Task requirements: Retype exactly the lines below, starting with the line that contains "Glowing by Christina" and ending with the last line; leave out any pictures.

Given data:

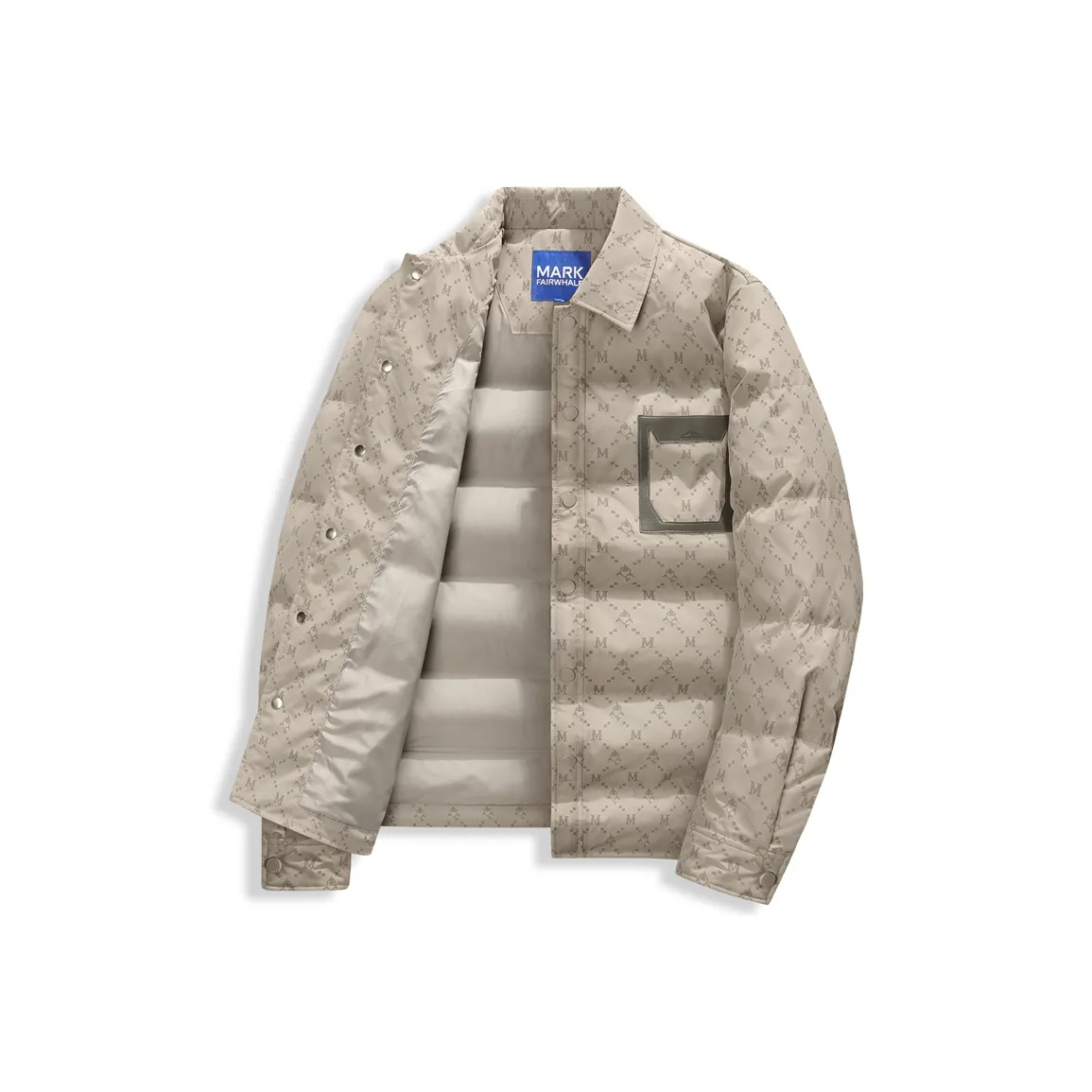 FAIRWHALE Мужские Пуховики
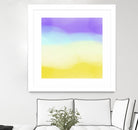 Glowing by Christina Essue on GIANT ART - purple abstract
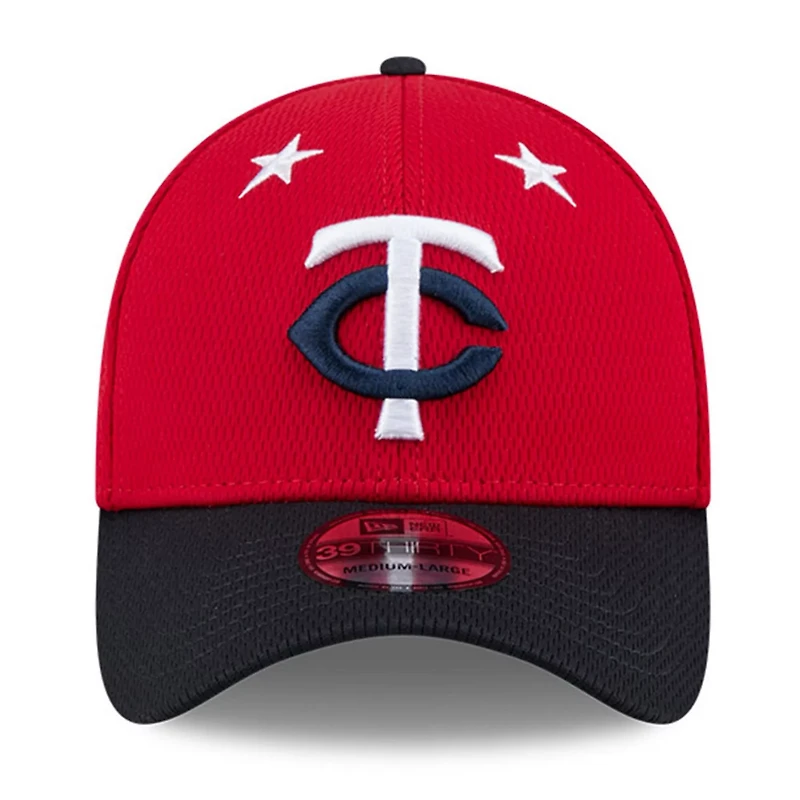 New Era Navy Minnesota Twins 2025 MLB All-Star Game 39THIRTY Flex Hat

Answer below:
 Glowing by Christina Essue on GIANT ART - purple abstract
 New Era Navy Minnesota Twins 2025 MLB All-Star Game 39THIRTY Flex Hat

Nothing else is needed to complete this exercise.